Burdon v Burdon
[2019] TASSC 31
•2 August 2019
[2019] TASSC 31
COURT: SUPREME COURT OF TASMANIA
CITATION: Burdon v Burdon [2019] TASSC 31
PARTIES: BURDON, Kathleen Grace
v
BURDON, Roger Lewin
FILE NO: 432/2017
DELIVERED ON: 2 August 2019
DELIVERED AT: Hobart
HEARING DATE: 18 April & 29 July 2019
JUDGMENT OF: Holt AsJ
CATCHWORDS:
Succession – Family provision – Criteria for determining application – Treatment of particular applicants – Surviving spouse or partner – Mere right of occupancy of family home inadequate provision – Provision made conferring absolute interest in family home.
Testators Family Maintenance Act 1912 (Tas), s 3(1).

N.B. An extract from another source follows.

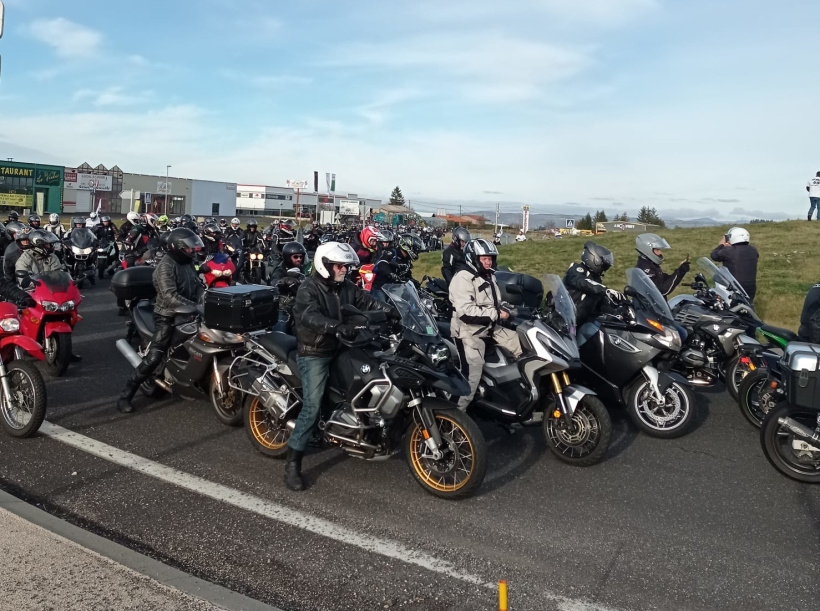 Les motards en force contre la pression du Conseil d'Etat.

Aust Dig Succession [1427]
REPRESENTATION:
Counsel:
Applicant: P Zeeman
Respondent: T Williams (18 April 2019 relieved from attendance on 29 July 2019).
Solicitors:
Applicant: Murdoch Clarke
Respondent: Ware & Partners
Judgment Number: [2019] TASSC 31
Number of paragraphs: 24
Serial No 31/2019
File No 432/2017
KATHLEEN GRACE BURDON v ROGER LEWIS BURDON
REASONS FOR JUDGMENT HOLT AsJ
2 August 2019
This is an application for an order for provision under the Testators family Maintenance Act 1912 and an application for an extension of time for the bringing of the proceeding.
Derek Neil Burdon died, aged 94 years, on 6 March 2016. He was survived by his wife of 47 years. He was also survived by his three sons, a daughter, a step-daughter, and numerous grand-children and great grand-children.

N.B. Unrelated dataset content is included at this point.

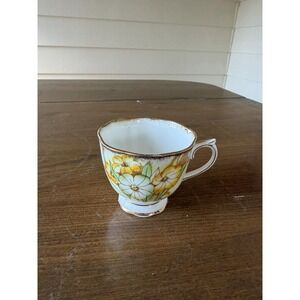 Vintage Royal Albert Petunia Teacup Bone China England 1940s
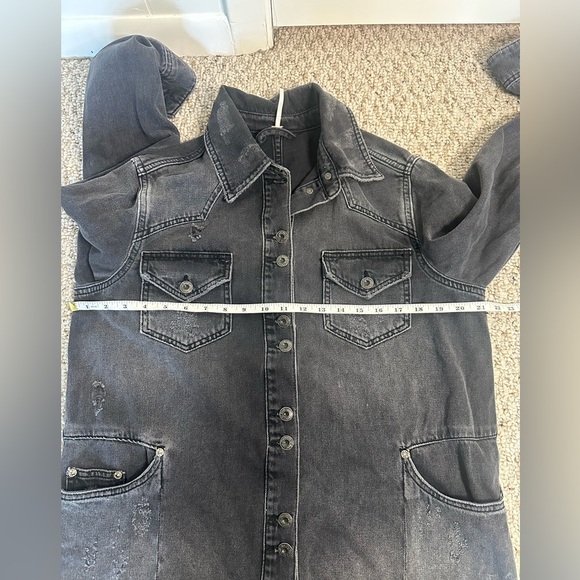 Free People Moonchild Denim Shirt Jacket size XS - Picture 11 of 12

Mr Burdon's Will was admitted to probate on 20 June 2016. His only asset was land at Marion Bay comprising a large allotment of about 7 hectares containing the home which he and his wife had occupied since 1985. There were also two small building allotments owned by Mr Burdon adjoining the main parcel of land with those allotments known as Lots 12 and 13. The main parcel of land was in the advanced stages of being subdivided to split off five small building allotments. The plan of subdivision was approved in September 2016 with titles to the allotments issuing shortly thereafter.
The government valuations issued in November 2016 were as follows. The large parcel of land containing the home was valued at $445,000. The five newly subdivided building allotments were each valued at $70,000. The combined value of Lots 12 and 13 was $80,000. The total value of Mr Burdon's land holding was accordingly $875,000.
Immediately following Mr Burdon's death his wife's only asset was savings of about $2000, which she had set aside for her funeral expenses. She was entitled to a pension of about $900 per fortnight from Centrelink. At the time she was aged 77 years.
Although all of the land was solely in Mr Burdon's name the general financial position was as a result of the joint efforts of both Mr Burdon and his wife. The couple sold their first matrimonial home, which was solely in Mr Burdon's name, to one of Mr Burdon's sons from an earlier marriage. The property at Marion Bay was purchased with the title being solely in Mr Burdon's name. Initially the couple lived in huts which they had temporarily placed on the land. They moved into the home built on the land in 1985. From 1980 the couple had developed land from which they operated the Copping Museum. The Museum was sold in 1995. The money for the museum had come from a taxi business which the couple had commenced in 1972 with the purchase of a taxi licence from borrowed funds. By the time the business was sold in 1980, seven taxi licences had been accumulated.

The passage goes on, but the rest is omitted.